1804, 13 сентября — за сочинение «возмутительных стихов» Давыдов был исключен из гвардии и переведен ротмистром в Белорусский гусарский полк.

Осень — написано стихотворение «Бурцову. Призывание на пунш», ставшее первым из «гусарских стихов» Давыдова, сразу же его прославившее.

1806, 4 июля — возвращение в гвардию; переведен поручиком в лейб-гвардии Гусарский полк.

1807, 3 января — назначен адъютантом к генерал-лейтенанту князю Багратиону.

15 января — произведен в штабс-ротмистры.

24 января — боевое крещение в деле при Вольфсдорфе.

27 января — участие в сражении при Прейсиш-Эйлау.

Апрель — получил рескрипт о награждении орденом Святого Владимира 4-й степени.

24 мая — участие в сражении под Гутштадтом.

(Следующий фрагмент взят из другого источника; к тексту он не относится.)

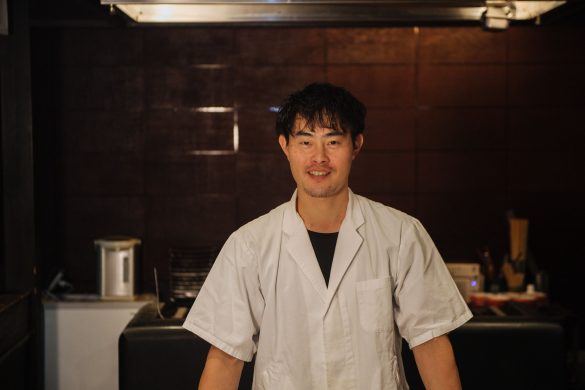 「ゆるり屋」店長の萩原健介さん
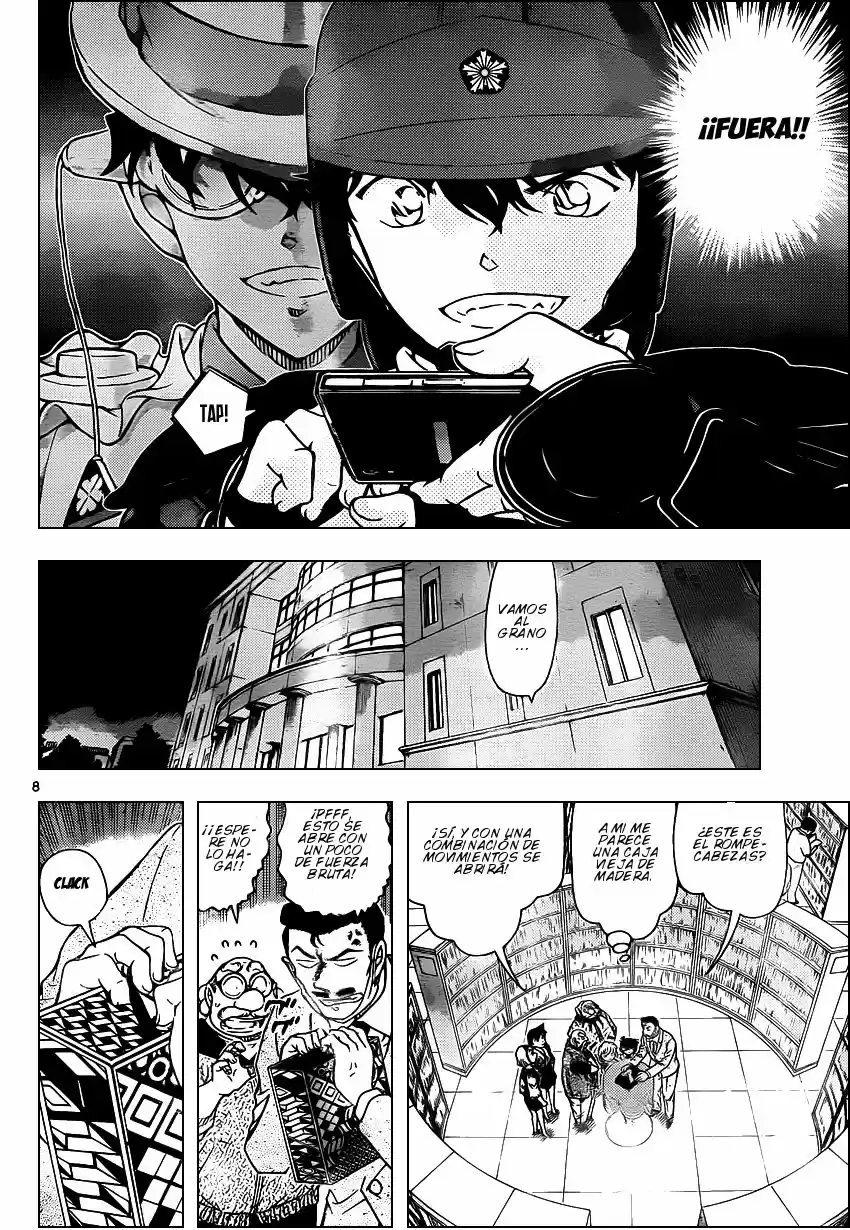 Read Detective Conan ES Manga Online
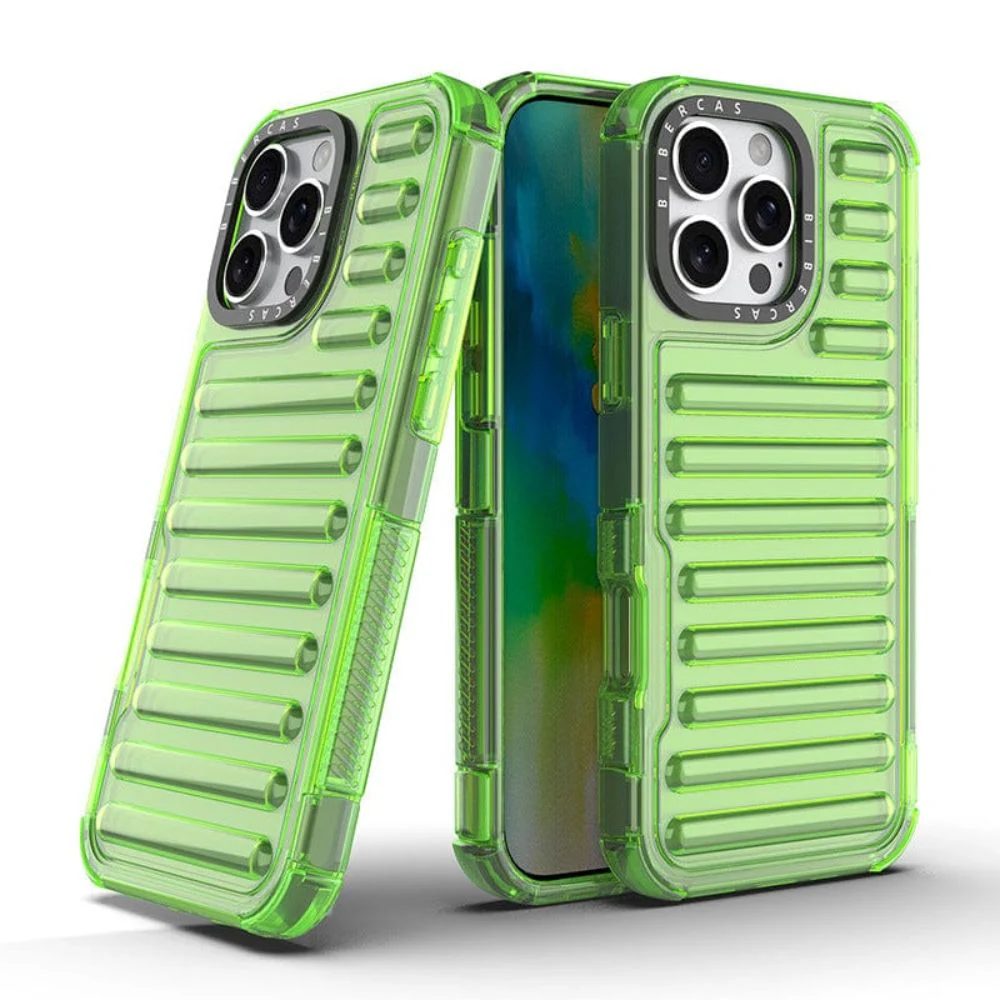 [Magsafe Compatible] Apple iPhone 16/Plus/Pro/Max - Multi-airbag Transparent Drop Proof Essentials Series Case - Image 6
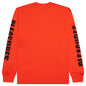 Impact Staff Long Sleeve - Orange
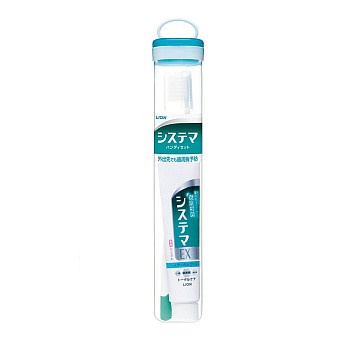 Lion Дорожный набор для чистки зубов Lion Dentor Systema
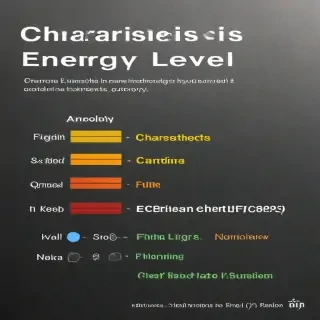 characteristics/energy level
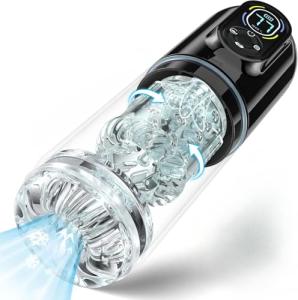 Electric Automatic Male Masturbator with Vibration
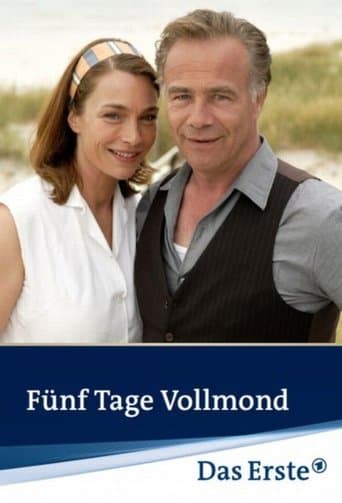 Movie poster for Fünf Tage Vollmond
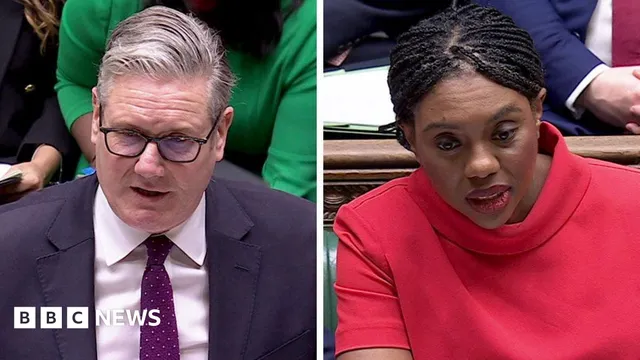 Badenoch blames Starmer for broken promises on NHS strikes and unemployment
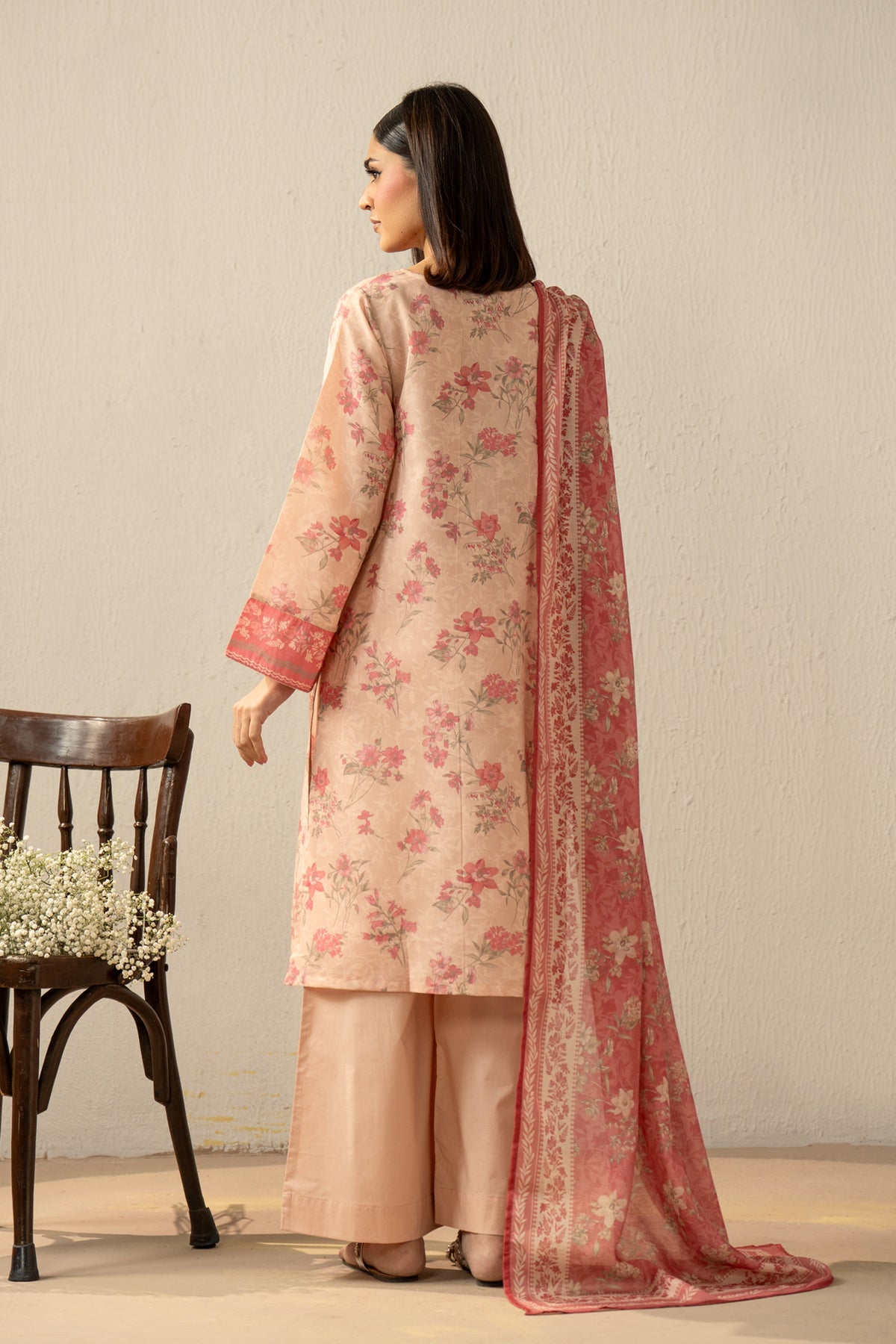 ZARI STITCHED 3 PIECE SUIT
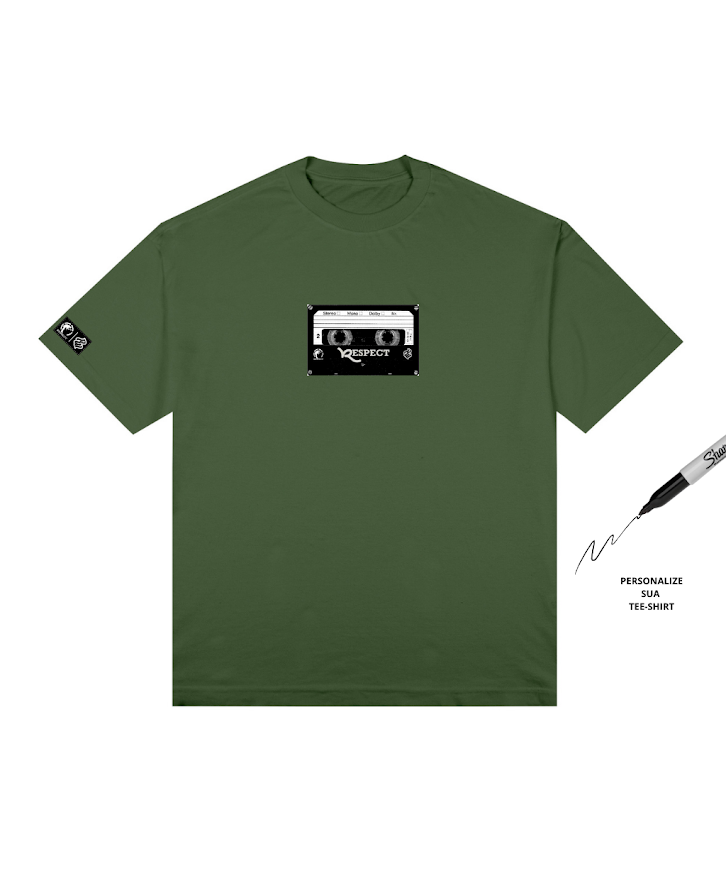 Camiseta Rocawear Oversized Your Music
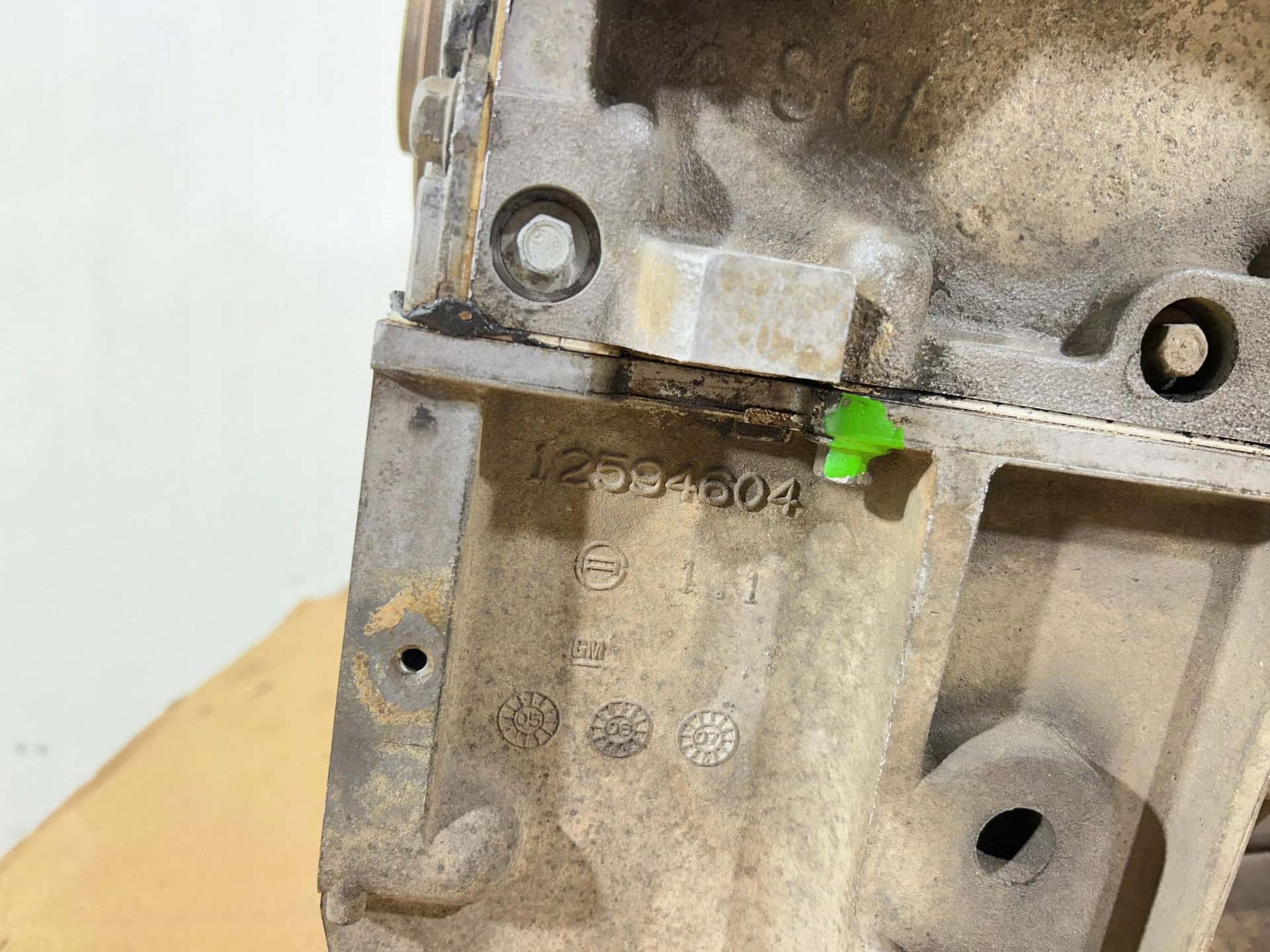 Moteur LC9(325CUV8) vue 11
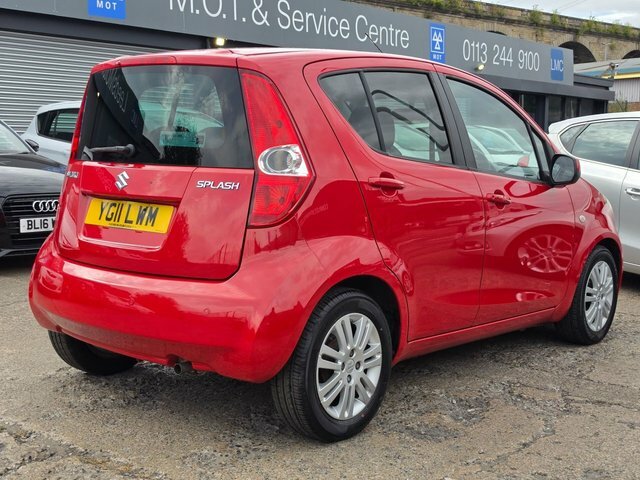 Suzuki Splash 1.0 Gls Cheap Road Tax Orange #18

29 мая — участие в сражении под Гейльсбергом (награжден орденом Святой Анны 2-й степени).

2 июня — участие в сражении под Фридландом (награжден золотой саблей с надписью «За храбрость»).

1808, весна — лето — в ходе русско-шведской войны на территории Финляндии Давыдов командовал авангардом в отряде генерала Я. П. Кульнева; в это время на страницах «Вестника Европы» было впервые опубликовано его стихотворение — элегия «Договоры».

1809, 26 февраля — корпус князя Багратиона двинулся на остров Кумлинг, откуда начинался «Ледовый поход» или «Зимняя экспедиция» — переход через Ботнический залив, занятие Аландских островов и выход на шведский берег.

25 июля — князь Багратион с адъютантом Д. В. Давыдовым прибыл в Молдавскую армию; Давыдов участвовал «в боях при взятии Мачина и Гирсова; в сражении под Рассеватом; при обложении крепости Силистрия; в сражении под Татарицей».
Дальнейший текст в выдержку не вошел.